Table 1 Darier Disease patient characteristics and treatments
Fig. 1: Enhanced expression of Th17-related genes and cytokines in the skin of patients with Darier disease (DD).
figure 1

a UMAP analysis (upper panel) and percentage of different cell types (lower panel) determined by scRNA-seq analysis of skin samples from four DD patients (lesional skin, N = 4, 3746 cells). Results were compared to publicly available scRNA-seq data of psoriasis (PSO, lesional skin, N = 3, 11417 cells) and healthy controls (HC, N = 3, 12817 cells)17. b Heat map of differentially expressed (DE) genes expressed as Z-score (DD vs HC, fold change > 1.5) as determined by NanoString nCounter analysis using the Immunology_V2 panel in skin of untreated DD patients (N = 5), healthy controls (N = 2) and psoriasis patients (N = 2). c Biocarta pathways most enriched in DD patients as compared to HC, as determined by NanoString nCounter and Gene Set Enrichment Analysis.

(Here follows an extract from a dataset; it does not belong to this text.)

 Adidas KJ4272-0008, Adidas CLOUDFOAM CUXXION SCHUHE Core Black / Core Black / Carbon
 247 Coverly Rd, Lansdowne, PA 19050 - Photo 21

Pathways are ordered according to their normalized enrichment scores. Bars represent -log10 of False Discovery Rates (FDR) (See Suppl. Table 2 for complete table). d Relative mRNA expression (qRT-PCR) of Th1, Th2, and Th17-associated cytokines normalized to housekeeping gene ACTB and relative to HC. Bars represent means, error bars represent standard deviations. p-values were calculated using 2-way ANOVA with Dunnett multiple comparison correction (all against HC). e Protein expression of Th17-related cytokines in the skin of HC and DD patients as determined by bead-based immunoassays (LegendPlex analysis). p-values were calculated using 2-way ANOVA. Error bars represent standard deviation.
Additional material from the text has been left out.